Par un jugement du 2 avril 2009, le Tribunal de grande instance de Paris a jugé que le constat litigieux était recevable [1].
LE COMMENTAIRE DE DOMAINESINFO
Les technologies de l’information et de la communication font évoluer le droit de la preuve et révolutionnent les modes opératoires des officiers ministériels (spécialement les huissiers) et autres agents officiellement habilités à dresser le constat d’actes illicites [2].
Les faits rapportés ci-dessus s’inscrivent au cœur de ces changements. Les débats portaient notamment sur la compétence de l’APP en matière de contrefaçon de marque et de concurrence déloyale.
L’article L. 331-2 du Code de la propriété intellectuelle dispose que "la preuve de la matérialité de [telles infractions] peut résulter des constatations d’agents assermentés désignés selon les cas par le Centre national de cinématographie, par des organismes de défense professionnelle visés à l’article L 331-1 et par les sociétés mentionnées au titre II du présent livre. Ces agents sont agréés par le ministre chargé de la culture dans les conditions prévues par un décret en Conseil d’Etat".
En l’espèce, la défenderesse contestait la compétence de l’APP en faisant valoir que la portée de cet article se limite aux infractions relatives aux droits d’auteur et aux droits voisins.
Se faisant, elle adoptait une position conforme à un arrêt de la Cour d’appel de Paris selon lequel l’APP qui constate des faits de contrefaçon de marque ou de concurrence déloyale sort de son champ de compétence. En conséquence, le constat n’aurait pas valeur de preuve [2].
Une position opposée consiste à accepter un tel constat APP comme un renseignement [3]
En l’espèce, le Tribunal de grande instance de Paris adopte la deuxième position non sans omettre de rappeler le principe selon laquelle la preuve de "la preuve de la contrefaçon de marque peut être fournie par tous moyens", visant (trop) implicitement l’article L. 716-7, alinéa 1er du Code de la propriété intellectuelle :
"Si la compétence de l’Agence de protection des programmes, organisme privé, s’étend à la constatation des atteintes portées à des droits d’auteur et à des droits voisins, ces agents peuvent également constater à titre de simples renseignements des atteintes à d’autres droits étant observé qu’il ne s’agit pas de constatations effectuées par des officiers ministériels en exécution d’une ordonnance juridictionnelle et que le régime des nullités des actes d’huissier ne leurs sont pas applicables".
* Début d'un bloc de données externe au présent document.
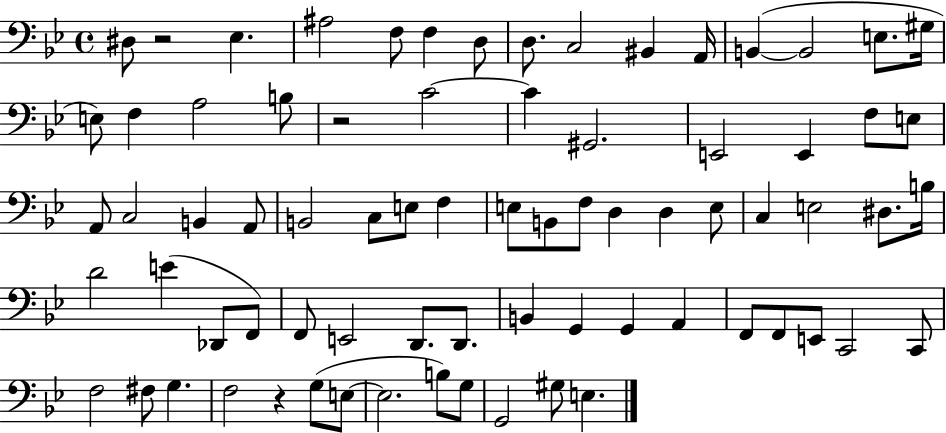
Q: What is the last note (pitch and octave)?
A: E3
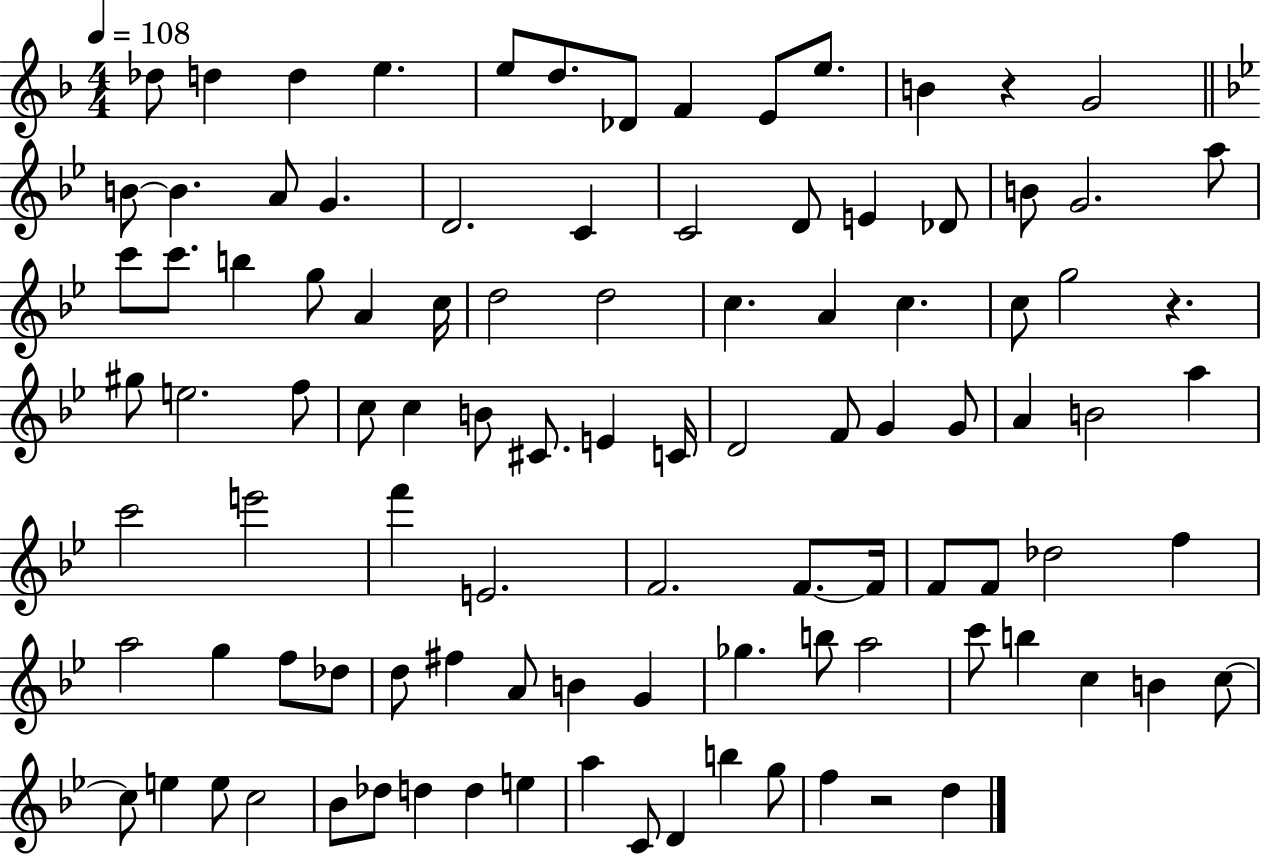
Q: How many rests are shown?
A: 3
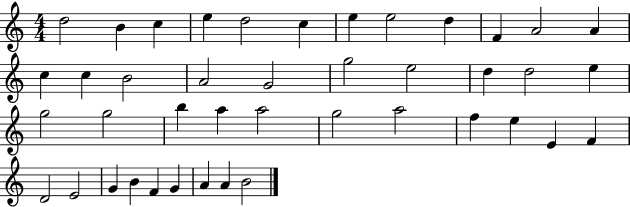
X:1
T:Untitled
M:4/4
L:1/4
K:C
d2 B c e d2 c e e2 d F A2 A c c B2 A2 G2 g2 e2 d d2 e g2 g2 b a a2 g2 a2 f e E F D2 E2 G B F G A A B2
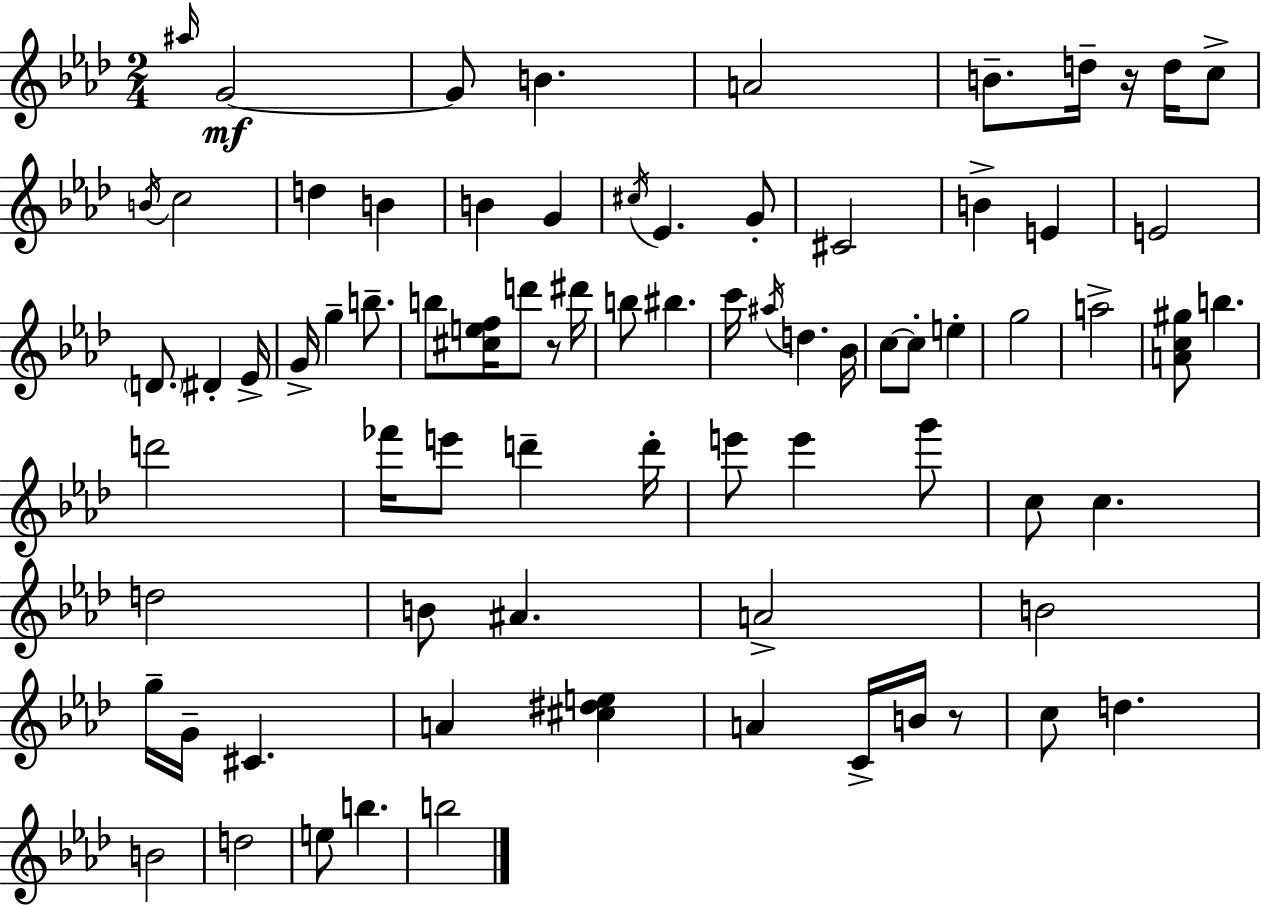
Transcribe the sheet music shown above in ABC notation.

X:1
T:Untitled
M:2/4
L:1/4
K:Ab
^a/4 G2 G/2 B A2 B/2 d/4 z/4 d/4 c/2 B/4 c2 d B B G ^c/4 _E G/2 ^C2 B E E2 D/2 ^D _E/4 G/4 g b/2 b/2 [^cef]/4 d'/2 z/2 ^d'/4 b/2 ^b c'/4 ^a/4 d _B/4 c/2 c/2 e g2 a2 [Ac^g]/2 b d'2 _f'/4 e'/2 d' d'/4 e'/2 e' g'/2 c/2 c d2 B/2 ^A A2 B2 g/4 G/4 ^C A [^c^de] A C/4 B/4 z/2 c/2 d B2 d2 e/2 b b2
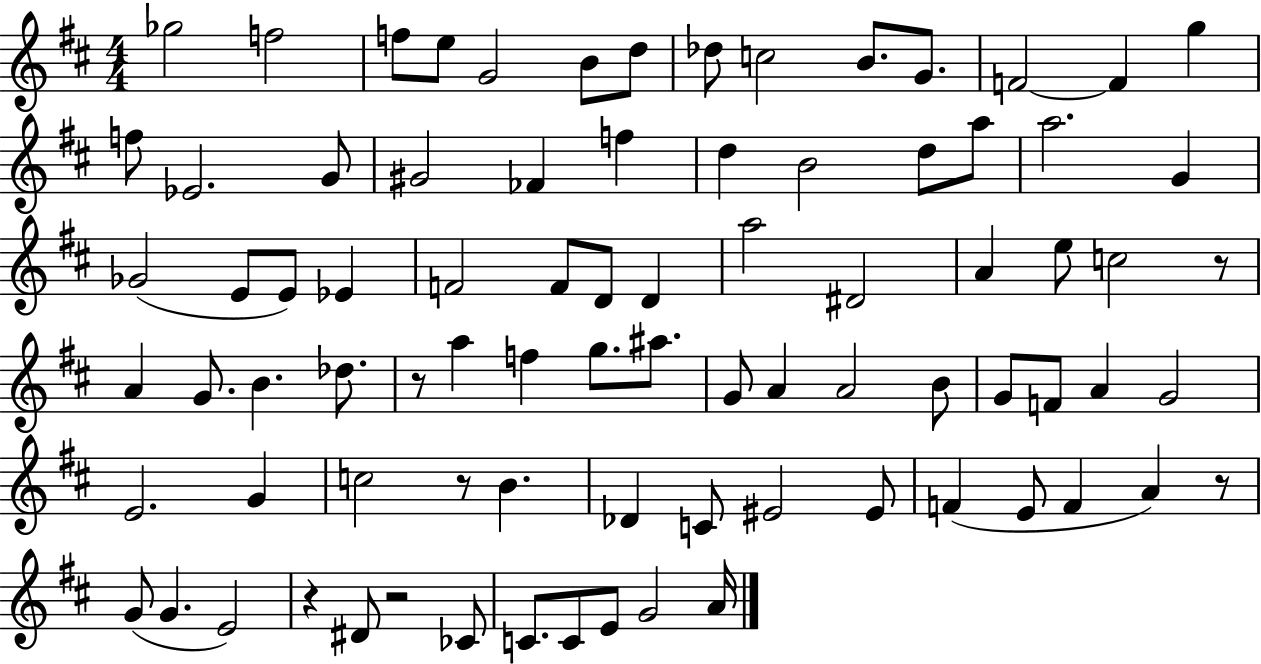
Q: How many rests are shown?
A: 6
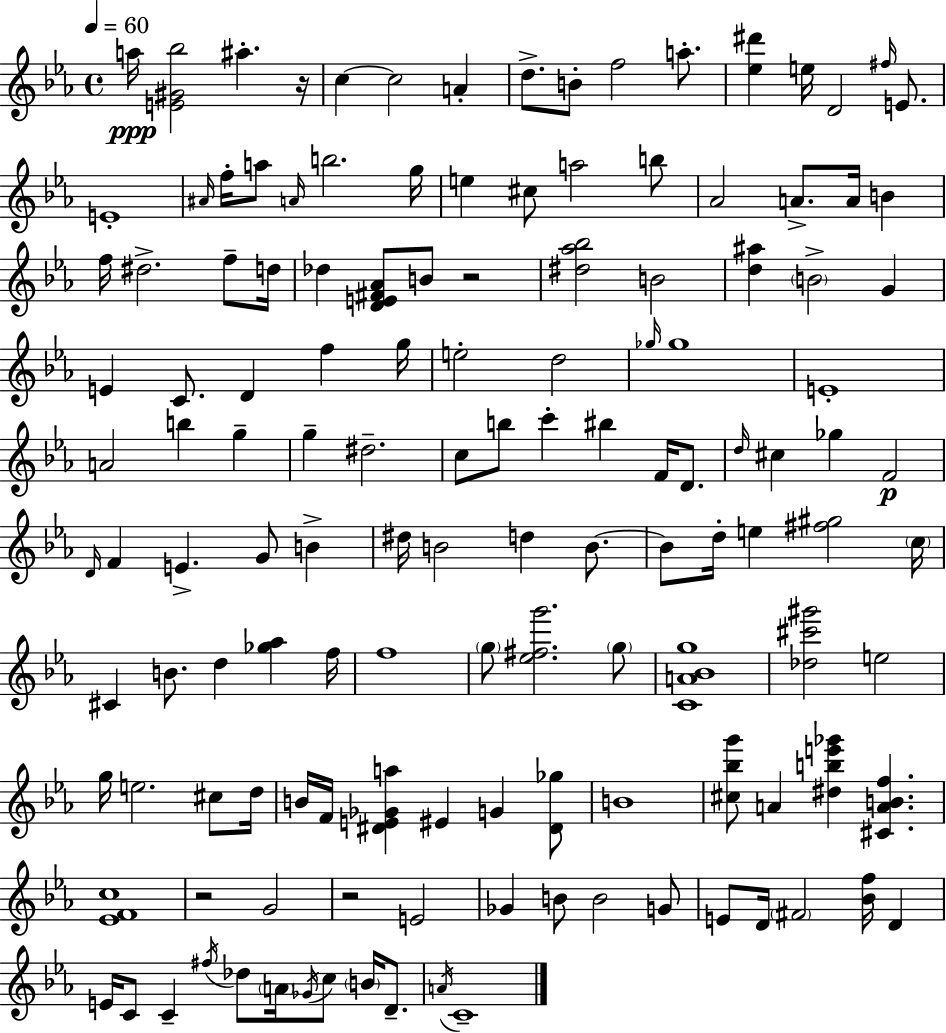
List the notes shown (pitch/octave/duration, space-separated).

A5/s [E4,G#4,Bb5]/h A#5/q. R/s C5/q C5/h A4/q D5/e. B4/e F5/h A5/e. [Eb5,D#6]/q E5/s D4/h F#5/s E4/e. E4/w A#4/s F5/s A5/e A4/s B5/h. G5/s E5/q C#5/e A5/h B5/e Ab4/h A4/e. A4/s B4/q F5/s D#5/h. F5/e D5/s Db5/q [D4,E4,F#4,Ab4]/e B4/e R/h [D#5,Ab5,Bb5]/h B4/h [D5,A#5]/q B4/h G4/q E4/q C4/e. D4/q F5/q G5/s E5/h D5/h Gb5/s Gb5/w E4/w A4/h B5/q G5/q G5/q D#5/h. C5/e B5/e C6/q BIS5/q F4/s D4/e. D5/s C#5/q Gb5/q F4/h D4/s F4/q E4/q. G4/e B4/q D#5/s B4/h D5/q B4/e. B4/e D5/s E5/q [F#5,G#5]/h C5/s C#4/q B4/e. D5/q [Gb5,Ab5]/q F5/s F5/w G5/e [Eb5,F#5,G6]/h. G5/e [C4,A4,Bb4,G5]/w [Db5,C#6,G#6]/h E5/h G5/s E5/h. C#5/e D5/s B4/s F4/s [D#4,E4,Gb4,A5]/q EIS4/q G4/q [D#4,Gb5]/e B4/w [C#5,Bb5,G6]/e A4/q [D#5,B5,E6,Gb6]/q [C#4,A4,B4,F5]/q. [Eb4,F4,C5]/w R/h G4/h R/h E4/h Gb4/q B4/e B4/h G4/e E4/e D4/s F#4/h [Bb4,F5]/s D4/q E4/s C4/e C4/q F#5/s Db5/e A4/s Gb4/s C5/e B4/s D4/e. A4/s C4/w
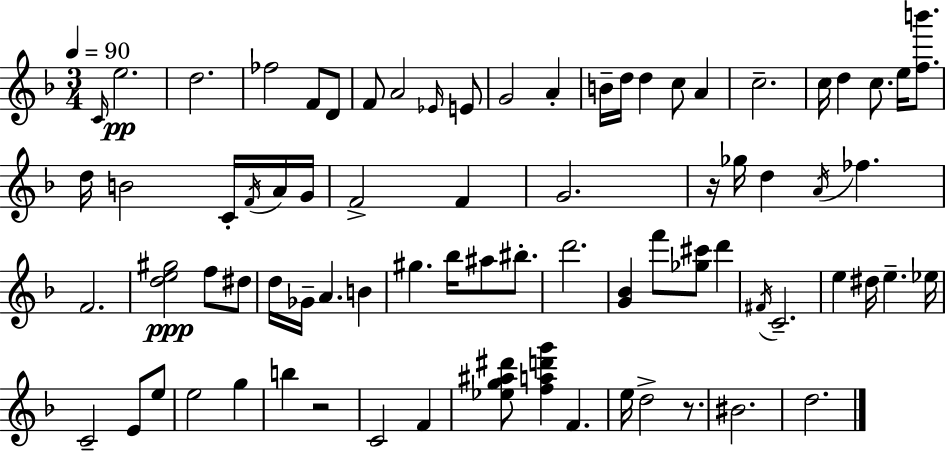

Rappelons que la preuve de la concurrence déloyale peut elle aussi être apportée par tous moyens.
Ainsi, le Tribunal de grande instance de Paris ne reconnaît pas au constat APP dressé pour des faits de contrefaçon de marque ou de concurrence déloyale la valeur probatoire qui lui est attribuée pour des atteintes aux droits d’auteur et aux droits voisins. Mais il consent à lui accorder celle d’une preuve, ce qui ne peut qu’être approuvé.
Il en résulte que les constats dressés par les agents de l’APP en matière de contrefaçon de marque et de concurrence déloyale en raison de l’enregistrement et/ou de l’utilisation d’un nom de domaine sont recevables à titre de preuve.